Source records:

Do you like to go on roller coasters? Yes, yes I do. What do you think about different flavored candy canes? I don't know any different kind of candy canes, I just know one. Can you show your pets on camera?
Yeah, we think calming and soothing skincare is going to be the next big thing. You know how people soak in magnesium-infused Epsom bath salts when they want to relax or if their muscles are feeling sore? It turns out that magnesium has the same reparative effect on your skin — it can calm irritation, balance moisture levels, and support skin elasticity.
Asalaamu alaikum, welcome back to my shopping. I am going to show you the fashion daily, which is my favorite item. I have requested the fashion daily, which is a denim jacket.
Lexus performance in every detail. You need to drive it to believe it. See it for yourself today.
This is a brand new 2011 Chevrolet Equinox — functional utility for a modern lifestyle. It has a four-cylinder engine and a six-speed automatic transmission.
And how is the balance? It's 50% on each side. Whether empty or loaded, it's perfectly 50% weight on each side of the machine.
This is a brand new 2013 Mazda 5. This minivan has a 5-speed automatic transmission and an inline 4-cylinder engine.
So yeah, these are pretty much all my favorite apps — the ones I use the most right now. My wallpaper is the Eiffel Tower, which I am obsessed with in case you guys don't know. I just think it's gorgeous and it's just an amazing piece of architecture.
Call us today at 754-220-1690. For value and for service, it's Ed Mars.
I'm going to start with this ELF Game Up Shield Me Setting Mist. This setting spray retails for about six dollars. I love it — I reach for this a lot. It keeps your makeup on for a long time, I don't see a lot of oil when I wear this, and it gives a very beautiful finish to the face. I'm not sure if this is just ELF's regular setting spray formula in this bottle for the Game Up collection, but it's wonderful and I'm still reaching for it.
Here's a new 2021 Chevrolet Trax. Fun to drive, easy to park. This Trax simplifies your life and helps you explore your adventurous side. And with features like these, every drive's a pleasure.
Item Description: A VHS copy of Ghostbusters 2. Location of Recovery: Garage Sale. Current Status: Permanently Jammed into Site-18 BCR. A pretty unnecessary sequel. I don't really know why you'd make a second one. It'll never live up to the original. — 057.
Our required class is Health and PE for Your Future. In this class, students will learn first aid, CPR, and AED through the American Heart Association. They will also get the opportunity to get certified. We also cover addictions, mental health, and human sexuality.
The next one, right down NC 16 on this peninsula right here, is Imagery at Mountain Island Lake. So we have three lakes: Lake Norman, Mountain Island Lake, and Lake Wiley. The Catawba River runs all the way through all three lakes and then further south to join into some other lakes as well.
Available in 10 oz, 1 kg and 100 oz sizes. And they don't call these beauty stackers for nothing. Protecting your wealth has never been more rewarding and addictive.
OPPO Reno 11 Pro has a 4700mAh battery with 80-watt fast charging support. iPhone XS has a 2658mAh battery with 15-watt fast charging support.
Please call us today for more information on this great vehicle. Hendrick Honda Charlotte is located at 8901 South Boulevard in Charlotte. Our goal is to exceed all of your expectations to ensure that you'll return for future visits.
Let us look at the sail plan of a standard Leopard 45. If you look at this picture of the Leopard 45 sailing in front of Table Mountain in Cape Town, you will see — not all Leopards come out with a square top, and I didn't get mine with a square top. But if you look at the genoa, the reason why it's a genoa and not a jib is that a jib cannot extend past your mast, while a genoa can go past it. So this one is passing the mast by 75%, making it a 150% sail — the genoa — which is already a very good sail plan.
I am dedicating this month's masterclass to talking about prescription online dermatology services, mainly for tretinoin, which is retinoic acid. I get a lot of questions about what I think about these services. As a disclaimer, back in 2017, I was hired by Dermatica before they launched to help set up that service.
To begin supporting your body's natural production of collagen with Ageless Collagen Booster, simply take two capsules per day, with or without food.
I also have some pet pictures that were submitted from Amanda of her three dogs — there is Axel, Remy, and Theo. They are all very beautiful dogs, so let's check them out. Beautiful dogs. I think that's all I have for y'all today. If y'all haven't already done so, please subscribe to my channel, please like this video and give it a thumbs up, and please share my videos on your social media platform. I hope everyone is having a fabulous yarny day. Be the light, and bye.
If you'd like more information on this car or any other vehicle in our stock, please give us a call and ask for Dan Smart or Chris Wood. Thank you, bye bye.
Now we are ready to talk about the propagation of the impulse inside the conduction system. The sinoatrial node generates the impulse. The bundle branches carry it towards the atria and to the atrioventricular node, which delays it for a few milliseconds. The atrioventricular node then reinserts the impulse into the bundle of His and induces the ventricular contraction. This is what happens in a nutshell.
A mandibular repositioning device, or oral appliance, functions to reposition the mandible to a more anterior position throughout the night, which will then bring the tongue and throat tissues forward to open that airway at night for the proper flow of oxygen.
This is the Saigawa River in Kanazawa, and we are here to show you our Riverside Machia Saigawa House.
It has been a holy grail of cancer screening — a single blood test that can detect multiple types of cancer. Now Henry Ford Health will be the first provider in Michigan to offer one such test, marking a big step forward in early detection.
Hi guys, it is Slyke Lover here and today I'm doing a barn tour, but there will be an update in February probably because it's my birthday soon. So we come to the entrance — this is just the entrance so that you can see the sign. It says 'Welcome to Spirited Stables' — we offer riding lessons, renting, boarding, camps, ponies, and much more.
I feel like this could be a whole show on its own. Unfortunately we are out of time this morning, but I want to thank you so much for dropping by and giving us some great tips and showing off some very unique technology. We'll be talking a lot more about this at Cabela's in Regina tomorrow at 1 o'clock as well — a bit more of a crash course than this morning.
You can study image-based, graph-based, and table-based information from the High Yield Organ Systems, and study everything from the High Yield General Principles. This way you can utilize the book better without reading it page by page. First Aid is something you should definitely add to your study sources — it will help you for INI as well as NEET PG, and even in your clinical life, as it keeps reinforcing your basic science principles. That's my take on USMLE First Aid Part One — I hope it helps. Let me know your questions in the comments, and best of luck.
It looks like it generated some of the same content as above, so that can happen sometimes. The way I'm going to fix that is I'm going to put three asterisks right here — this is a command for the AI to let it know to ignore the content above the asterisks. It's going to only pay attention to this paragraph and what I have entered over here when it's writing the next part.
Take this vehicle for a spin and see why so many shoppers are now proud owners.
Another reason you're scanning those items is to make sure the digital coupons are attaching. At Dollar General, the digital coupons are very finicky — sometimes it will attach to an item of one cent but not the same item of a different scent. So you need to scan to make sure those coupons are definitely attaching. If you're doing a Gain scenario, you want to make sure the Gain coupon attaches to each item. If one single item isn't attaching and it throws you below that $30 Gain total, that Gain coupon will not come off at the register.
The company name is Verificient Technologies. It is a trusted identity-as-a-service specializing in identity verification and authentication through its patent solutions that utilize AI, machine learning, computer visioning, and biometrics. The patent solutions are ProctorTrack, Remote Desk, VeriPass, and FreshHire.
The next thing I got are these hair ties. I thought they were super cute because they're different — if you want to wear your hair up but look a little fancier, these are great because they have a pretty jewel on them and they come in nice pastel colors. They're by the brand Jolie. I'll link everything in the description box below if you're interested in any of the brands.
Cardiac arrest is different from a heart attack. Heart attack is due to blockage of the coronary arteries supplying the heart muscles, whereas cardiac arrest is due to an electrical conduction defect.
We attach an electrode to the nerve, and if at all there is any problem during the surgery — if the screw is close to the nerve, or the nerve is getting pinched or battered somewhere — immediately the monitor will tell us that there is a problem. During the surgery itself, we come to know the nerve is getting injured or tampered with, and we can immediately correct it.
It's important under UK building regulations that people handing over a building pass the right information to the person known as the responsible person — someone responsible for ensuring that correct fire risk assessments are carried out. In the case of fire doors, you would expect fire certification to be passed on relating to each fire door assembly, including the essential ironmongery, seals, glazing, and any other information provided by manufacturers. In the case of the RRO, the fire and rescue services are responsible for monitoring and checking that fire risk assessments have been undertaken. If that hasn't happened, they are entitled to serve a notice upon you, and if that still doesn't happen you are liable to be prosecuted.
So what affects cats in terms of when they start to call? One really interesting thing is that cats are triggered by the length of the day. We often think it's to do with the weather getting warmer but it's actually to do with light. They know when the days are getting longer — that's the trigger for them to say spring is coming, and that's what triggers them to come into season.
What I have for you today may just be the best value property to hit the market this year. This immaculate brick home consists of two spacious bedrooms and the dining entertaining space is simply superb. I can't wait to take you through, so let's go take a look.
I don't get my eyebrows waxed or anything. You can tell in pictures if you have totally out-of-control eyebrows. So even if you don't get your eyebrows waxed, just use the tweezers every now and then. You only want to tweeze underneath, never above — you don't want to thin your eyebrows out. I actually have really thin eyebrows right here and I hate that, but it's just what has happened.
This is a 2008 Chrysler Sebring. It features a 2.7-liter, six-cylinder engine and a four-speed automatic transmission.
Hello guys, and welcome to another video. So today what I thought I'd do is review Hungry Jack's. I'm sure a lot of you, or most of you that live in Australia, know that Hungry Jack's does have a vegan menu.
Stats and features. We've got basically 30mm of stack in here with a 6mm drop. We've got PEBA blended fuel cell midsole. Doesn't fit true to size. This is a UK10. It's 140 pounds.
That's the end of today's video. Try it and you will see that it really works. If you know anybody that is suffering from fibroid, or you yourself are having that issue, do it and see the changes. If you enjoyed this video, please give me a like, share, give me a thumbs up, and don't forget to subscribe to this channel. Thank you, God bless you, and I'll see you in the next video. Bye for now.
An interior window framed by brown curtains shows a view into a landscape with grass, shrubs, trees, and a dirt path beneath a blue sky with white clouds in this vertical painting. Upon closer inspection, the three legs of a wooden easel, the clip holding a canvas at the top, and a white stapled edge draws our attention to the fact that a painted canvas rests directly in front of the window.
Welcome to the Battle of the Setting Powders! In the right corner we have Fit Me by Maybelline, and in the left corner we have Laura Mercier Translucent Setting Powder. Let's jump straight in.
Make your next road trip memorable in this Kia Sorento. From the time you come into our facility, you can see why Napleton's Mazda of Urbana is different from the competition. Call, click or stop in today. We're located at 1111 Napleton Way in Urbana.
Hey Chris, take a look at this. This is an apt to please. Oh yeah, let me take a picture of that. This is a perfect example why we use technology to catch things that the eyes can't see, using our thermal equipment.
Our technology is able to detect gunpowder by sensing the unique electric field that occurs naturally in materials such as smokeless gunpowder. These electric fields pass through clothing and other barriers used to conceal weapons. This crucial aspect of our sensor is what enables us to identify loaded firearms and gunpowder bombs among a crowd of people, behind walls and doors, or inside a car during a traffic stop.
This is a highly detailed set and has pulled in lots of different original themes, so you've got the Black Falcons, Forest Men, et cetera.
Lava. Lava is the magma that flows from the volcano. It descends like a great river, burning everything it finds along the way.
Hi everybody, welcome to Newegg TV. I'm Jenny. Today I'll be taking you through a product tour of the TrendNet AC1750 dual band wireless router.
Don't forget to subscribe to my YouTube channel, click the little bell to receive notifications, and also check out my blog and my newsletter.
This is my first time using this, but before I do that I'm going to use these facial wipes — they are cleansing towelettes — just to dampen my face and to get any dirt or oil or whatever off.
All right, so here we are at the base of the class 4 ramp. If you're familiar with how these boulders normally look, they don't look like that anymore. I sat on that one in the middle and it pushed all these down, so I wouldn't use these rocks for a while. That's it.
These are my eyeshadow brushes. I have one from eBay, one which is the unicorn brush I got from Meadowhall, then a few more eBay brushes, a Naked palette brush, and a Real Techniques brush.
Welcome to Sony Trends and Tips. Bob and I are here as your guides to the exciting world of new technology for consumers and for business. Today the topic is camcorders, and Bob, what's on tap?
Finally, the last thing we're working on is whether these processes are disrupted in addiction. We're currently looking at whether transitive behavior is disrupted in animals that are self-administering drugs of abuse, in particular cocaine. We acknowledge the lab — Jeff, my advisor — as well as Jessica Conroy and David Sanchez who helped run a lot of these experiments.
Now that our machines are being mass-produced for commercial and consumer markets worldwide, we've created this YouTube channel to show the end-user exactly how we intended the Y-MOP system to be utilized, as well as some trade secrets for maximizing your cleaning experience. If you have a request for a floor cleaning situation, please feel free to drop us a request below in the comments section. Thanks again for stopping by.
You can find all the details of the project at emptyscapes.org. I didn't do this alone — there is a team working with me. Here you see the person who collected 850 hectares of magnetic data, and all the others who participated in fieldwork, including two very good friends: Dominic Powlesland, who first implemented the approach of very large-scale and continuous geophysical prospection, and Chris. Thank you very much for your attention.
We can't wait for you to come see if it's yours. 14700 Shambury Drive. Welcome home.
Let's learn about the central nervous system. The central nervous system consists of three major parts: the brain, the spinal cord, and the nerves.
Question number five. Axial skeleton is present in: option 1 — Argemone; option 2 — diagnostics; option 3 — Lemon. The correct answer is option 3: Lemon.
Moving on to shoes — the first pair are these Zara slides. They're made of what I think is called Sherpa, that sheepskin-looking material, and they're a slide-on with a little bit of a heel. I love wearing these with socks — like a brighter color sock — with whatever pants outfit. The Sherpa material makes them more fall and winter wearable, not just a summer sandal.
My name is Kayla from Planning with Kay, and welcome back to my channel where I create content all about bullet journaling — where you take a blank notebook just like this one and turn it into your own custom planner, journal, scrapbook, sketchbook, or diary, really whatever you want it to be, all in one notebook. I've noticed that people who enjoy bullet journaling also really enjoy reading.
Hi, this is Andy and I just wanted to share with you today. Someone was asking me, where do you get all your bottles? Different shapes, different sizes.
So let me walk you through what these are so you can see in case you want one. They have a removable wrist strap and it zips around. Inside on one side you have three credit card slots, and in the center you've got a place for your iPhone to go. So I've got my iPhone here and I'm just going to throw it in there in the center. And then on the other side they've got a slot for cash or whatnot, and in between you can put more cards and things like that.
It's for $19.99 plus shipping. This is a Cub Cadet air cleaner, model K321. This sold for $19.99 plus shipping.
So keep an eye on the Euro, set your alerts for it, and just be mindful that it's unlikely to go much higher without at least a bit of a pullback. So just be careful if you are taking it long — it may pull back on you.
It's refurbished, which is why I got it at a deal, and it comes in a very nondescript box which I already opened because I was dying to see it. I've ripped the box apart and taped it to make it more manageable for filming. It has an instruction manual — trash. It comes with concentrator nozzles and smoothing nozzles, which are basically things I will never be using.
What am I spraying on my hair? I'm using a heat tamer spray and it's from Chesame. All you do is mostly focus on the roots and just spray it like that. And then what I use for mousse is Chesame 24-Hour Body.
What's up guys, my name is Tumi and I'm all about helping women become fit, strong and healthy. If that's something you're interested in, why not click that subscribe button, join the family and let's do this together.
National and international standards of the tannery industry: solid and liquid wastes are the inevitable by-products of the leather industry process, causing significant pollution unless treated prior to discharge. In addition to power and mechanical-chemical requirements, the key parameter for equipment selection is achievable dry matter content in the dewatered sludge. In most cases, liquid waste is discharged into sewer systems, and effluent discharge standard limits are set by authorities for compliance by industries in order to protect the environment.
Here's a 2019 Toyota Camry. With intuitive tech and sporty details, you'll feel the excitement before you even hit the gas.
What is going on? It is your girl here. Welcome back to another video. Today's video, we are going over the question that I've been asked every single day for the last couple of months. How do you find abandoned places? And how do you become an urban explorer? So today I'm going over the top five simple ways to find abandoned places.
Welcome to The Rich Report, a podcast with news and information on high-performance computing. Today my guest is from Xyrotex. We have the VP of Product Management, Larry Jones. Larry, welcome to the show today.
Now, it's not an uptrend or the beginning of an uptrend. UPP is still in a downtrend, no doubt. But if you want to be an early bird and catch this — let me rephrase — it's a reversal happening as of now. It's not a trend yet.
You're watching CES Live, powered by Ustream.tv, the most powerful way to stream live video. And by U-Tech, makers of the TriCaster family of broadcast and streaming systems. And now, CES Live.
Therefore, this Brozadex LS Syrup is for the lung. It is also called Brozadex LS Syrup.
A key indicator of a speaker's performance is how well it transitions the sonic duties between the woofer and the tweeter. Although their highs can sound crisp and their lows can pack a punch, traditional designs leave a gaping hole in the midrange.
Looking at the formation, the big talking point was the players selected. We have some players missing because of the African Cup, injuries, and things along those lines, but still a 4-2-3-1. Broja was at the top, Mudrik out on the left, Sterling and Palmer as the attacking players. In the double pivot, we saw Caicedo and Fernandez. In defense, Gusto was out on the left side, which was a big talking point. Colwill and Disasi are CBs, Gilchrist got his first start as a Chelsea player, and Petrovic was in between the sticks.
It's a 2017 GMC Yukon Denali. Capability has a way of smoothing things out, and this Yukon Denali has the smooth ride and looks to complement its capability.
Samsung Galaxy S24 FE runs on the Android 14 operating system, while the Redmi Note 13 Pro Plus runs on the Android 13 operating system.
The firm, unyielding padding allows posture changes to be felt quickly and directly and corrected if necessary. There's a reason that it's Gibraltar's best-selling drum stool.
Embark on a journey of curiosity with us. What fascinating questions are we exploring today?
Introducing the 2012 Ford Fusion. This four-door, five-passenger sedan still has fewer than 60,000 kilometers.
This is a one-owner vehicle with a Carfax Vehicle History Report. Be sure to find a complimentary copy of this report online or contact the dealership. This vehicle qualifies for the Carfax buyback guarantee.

◆ **TASK DIRECTIONS**
From the records above, copy only the lines starting with the line that holds "Take this vehicle" and going on through the line that holds "The company name", exactly as written.

◆ **RESPONSE**
Take this vehicle for a spin and see why so many shoppers are now proud owners.
Another reason you're scanning those items is to make sure the digital coupons are attaching. At Dollar General, the digital coupons are very finicky — sometimes it will attach to an item of one cent but not the same item of a different scent. So you need to scan to make sure those coupons are definitely attaching. If you're doing a Gain scenario, you want to make sure the Gain coupon attaches to each item. If one single item isn't attaching and it throws you below that $30 Gain total, that Gain coupon will not come off at the register.
The company name is Verificient Technologies. It is a trusted identity-as-a-service specializing in identity verification and authentication through its patent solutions that utilize AI, machine learning, computer visioning, and biometrics. The patent solutions are ProctorTrack, Remote Desk, VeriPass, and FreshHire.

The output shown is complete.